Copy the data that follows exactly, and include none of its images.

────────

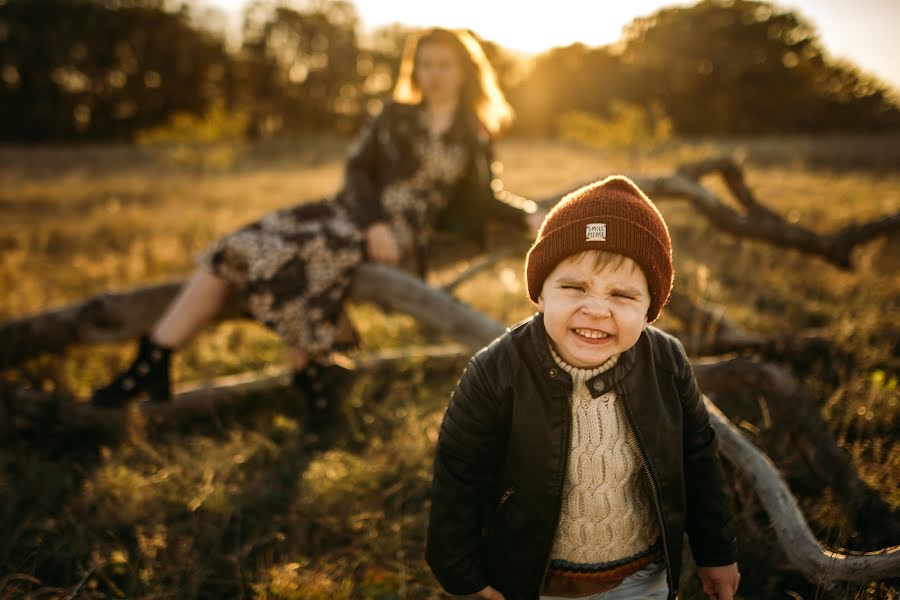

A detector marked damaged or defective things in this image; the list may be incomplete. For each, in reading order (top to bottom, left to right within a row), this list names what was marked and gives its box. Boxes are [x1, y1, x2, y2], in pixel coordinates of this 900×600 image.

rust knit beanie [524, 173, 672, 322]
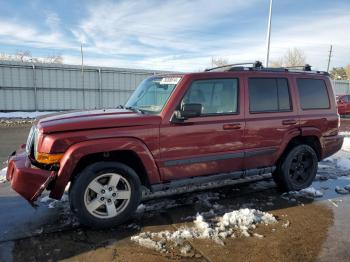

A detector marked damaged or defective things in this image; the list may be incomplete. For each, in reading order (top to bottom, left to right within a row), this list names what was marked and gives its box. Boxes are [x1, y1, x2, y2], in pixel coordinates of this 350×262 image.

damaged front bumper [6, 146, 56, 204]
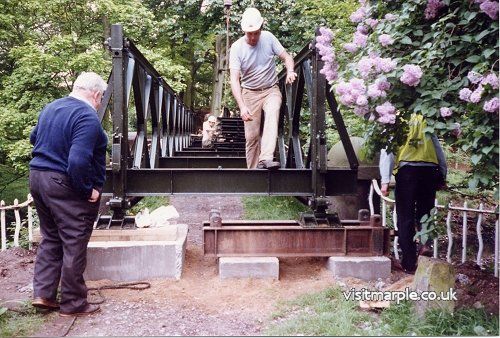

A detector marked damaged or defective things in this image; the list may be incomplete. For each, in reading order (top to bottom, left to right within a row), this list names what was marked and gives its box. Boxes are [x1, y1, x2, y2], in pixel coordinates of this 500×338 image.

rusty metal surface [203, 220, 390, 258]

────────

● Finished exercise:
A detector marked damaged or defective things in this image; the list may be incomplete. For each, in reading order (top to bottom, left to right within a row), this list names what was marked and gives its box. Boxes are [x1, y1, x2, y2], in pixel coordinates of this 900×600 image.

rust knit beanie [524, 173, 672, 322]

A detector marked damaged or defective things in this image; the list may be incomplete. For each, in reading order (top to bottom, left to right within a row), this list names what was marked and gives its box. Boxes are [x1, y1, x2, y2], in pixel coordinates of this 350×262 image.

damaged front bumper [6, 146, 56, 204]

A detector marked damaged or defective things in this image; the list may be incomplete. For each, in reading order (top to bottom, left to right within a row), this list names what was marked and gives its box. Boxes are [x1, y1, x2, y2], in pixel coordinates of this 500×338 image.

rusty metal surface [203, 220, 390, 258]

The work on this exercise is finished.